Stored data Start Marker
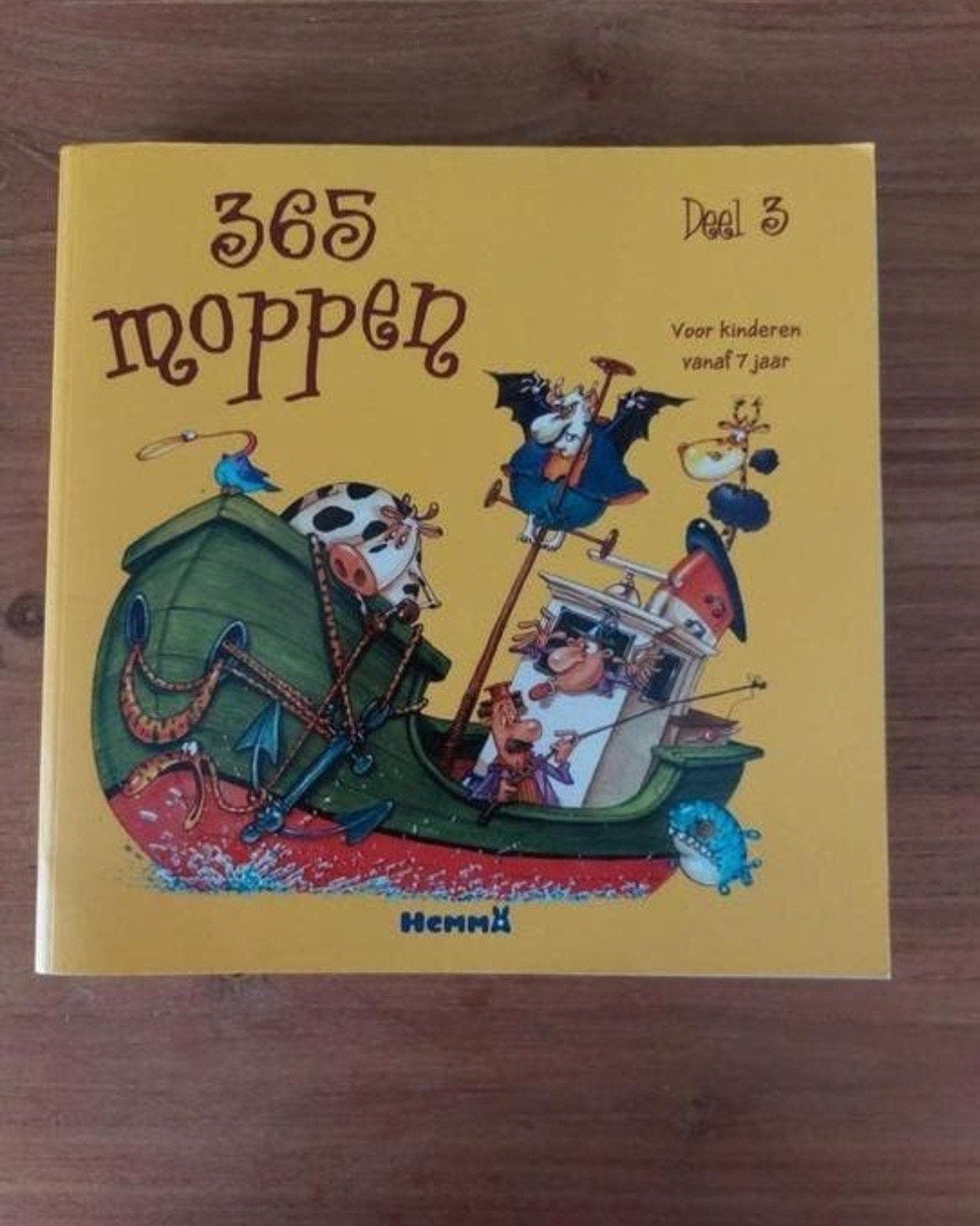 365 moppen - deel 3, Boeken, Kinderboeken | Kleuters, Ophalen of Verzenden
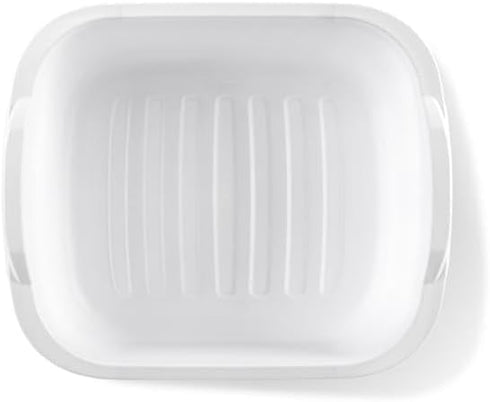 Tribello Plastic Wash Tub Dishpan, 12 Quarts Heavy Duty Basin for Soaking Feet, Laundry, and Storage Cleaning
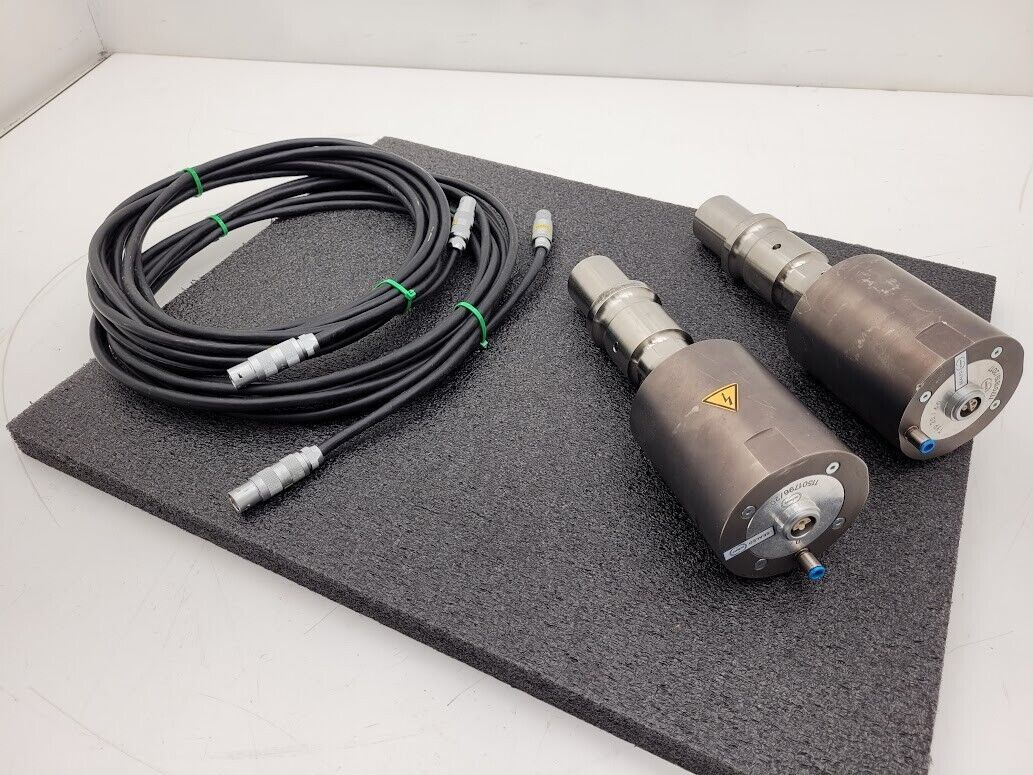 Schunk Ultrasonic Welding Head Pair w/ Cables Type 20/60 Sonosystem PTP-0219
Stored data End Marker
> Task brief:
Output all data exactly, omitting images.

> Written reply:
 365 moppen - deel 3, Boeken, Kinderboeken | Kleuters, Ophalen of Verzenden
 Tribello Plastic Wash Tub Dishpan, 12 Quarts Heavy Duty Basin for Soaking Feet, Laundry, and Storage Cleaning
 Schunk Ultrasonic Welding Head Pair w/ Cables Type 20/60 Sonosystem PTP-0219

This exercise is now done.